Это мы видим на любом александрийском филологе и грамматике. Зенодот Эфесский впервые дает критическое издание Гомера на основании сличения различных текстов, бывших тогда в употреблении. Известный поэт Каллимах из Кирены издает первую и огромнейшую (120 книг) био-библиографическую литературную сводку, или "Таблицу" ("Pinax"). Аристофан Византийский (257-180 гг. до н.э.) был также издателем и комментатором многочисленных писателей, занимался грамматикой, критикой текста и лексикографией. Аристарх Самофракийский (217/5 - 145/3 гг. до н.э.) тоже массу издавал и комментировал (Гомер, Гесиод, Алкей, Пиндар, Эсхил). Кратет Малосский известен своей "теорией аномалии", которую он противопоставил "теории аналогии" Аристофана Византийского, выдвигая на первый план самопроизвольную эволюцию языка вместо рационально-устанавливаемых различий (между прочим, об аномалии писал стоик Хрисипп (SVF 151). Аристарх - крупнейший филолог в нашем смысле слова. Он и замечательный критик текста и тонкий знаток языка. Так, от него мы узнаем, что "ballein tina" значит не "бросать в кого", но "попадать во что"; оказывается, никогда не употребляется "phobos, phobeisthai" о страхе, но только о бегстве; "machaira" тоже - не "меч", но "нож", и т.д. и т.д. Аристарх, далее, различает "Олимп" и "Небо", "Океан" он объясняет как реку, царство Агамемнона - как Микены, а не Аргос. Дионис, по его мнению, у Гомера еще не бог. Все это очень зоркие наблюдения. И влияние Аристарха было колоссально. Его метод "объяснять Гомера из Гомера же" навсегда остался в филологии как руководящий идеал и метод{285}.

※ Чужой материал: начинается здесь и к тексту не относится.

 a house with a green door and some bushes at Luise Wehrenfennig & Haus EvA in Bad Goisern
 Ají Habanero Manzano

Александрийцы, можно сказать, превратили греческую поэзию в музей, в инвентарную книгу, в горы цитат, резюме, каталогов и компиляций. Всем хотелось быть очень учеными, очень осведомленными. Эстетика стала инвентарем, прейскурантом, энциклопедией, и притом исключительно технологически-формалистической энциклопедией. Если раньше античность превращала объективизм в космологию, то теперь она превращает субъективизм в научность, в компиляторство, в энциклопедию.

Чтобы можно было конкретно судить о значении этой александрийской учености, приведем два случая, живо рассказанные у Витрувия (Десять книг об архитектуре, пер. Ф.А.Петровского, VII Вступление).

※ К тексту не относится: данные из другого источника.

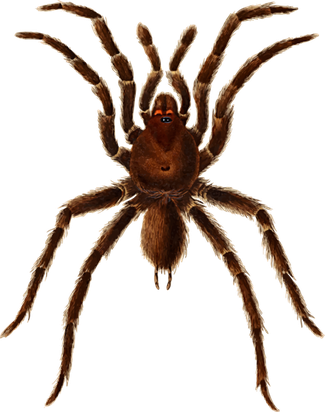 Tarantula Png Isolated Photo (black)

Когда были заведены публичные состязания в Александрии, а тамошний царь Птолемей ревностно относился к жюри, то однажды Аристофан, которого Птолемей до тех пор не знал, опротестовал мнение всех решительно членов жюри.

"Когда же царь и все прочие сильно вознегодовали, он встал и настоятельно попросил его выслушать. И вот при водворившемся молчании он доказал, что только один этот - поэт, а другие читали чужие стихи; судьям же подобает награждать не краденое, а сочиненное. И пока народ изумлялся, а царь был в сомнении, он на память достал из определенных шкафов множество книг и, сопоставив их с прочитанным, принудил повиниться самих обокравших. Тогда царь приказал судить их за воровство и, по осуждении, удалил с позором, Аристофана же одарил щедрыми дарами и поставил во главе библиотеки" (VII Вступление, 7).

Другой случай характерен еще более. Речь идет о знаменитом Зоиле.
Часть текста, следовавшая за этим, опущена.